**SOURCE MATERIAL**
Start of Block

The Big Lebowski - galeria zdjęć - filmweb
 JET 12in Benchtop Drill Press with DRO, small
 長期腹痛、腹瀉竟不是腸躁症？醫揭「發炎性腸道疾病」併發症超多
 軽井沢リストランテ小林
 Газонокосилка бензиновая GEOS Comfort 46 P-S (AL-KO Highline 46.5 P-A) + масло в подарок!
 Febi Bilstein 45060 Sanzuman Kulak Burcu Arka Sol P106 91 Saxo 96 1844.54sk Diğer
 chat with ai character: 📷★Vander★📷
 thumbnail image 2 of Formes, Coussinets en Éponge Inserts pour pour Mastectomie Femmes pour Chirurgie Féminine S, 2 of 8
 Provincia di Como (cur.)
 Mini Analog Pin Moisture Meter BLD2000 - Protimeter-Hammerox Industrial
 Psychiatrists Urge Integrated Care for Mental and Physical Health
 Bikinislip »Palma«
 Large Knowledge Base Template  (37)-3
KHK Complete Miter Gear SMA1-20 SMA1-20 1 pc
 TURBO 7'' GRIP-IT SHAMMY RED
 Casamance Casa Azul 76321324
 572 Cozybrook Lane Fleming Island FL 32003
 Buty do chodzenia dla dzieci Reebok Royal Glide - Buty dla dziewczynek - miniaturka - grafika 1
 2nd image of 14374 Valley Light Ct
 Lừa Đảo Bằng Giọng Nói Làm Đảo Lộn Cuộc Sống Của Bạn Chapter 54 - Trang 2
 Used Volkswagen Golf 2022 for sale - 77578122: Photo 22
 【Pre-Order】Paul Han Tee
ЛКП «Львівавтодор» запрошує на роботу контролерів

End of Block

**REQUIRED WORK**
Every line above in which the word "with" occurs needs to be copied.

**RESPONSE TO THE TASK**
 JET 12in Benchtop Drill Press with DRO, small
 chat with ai character: 📷★Vander★📷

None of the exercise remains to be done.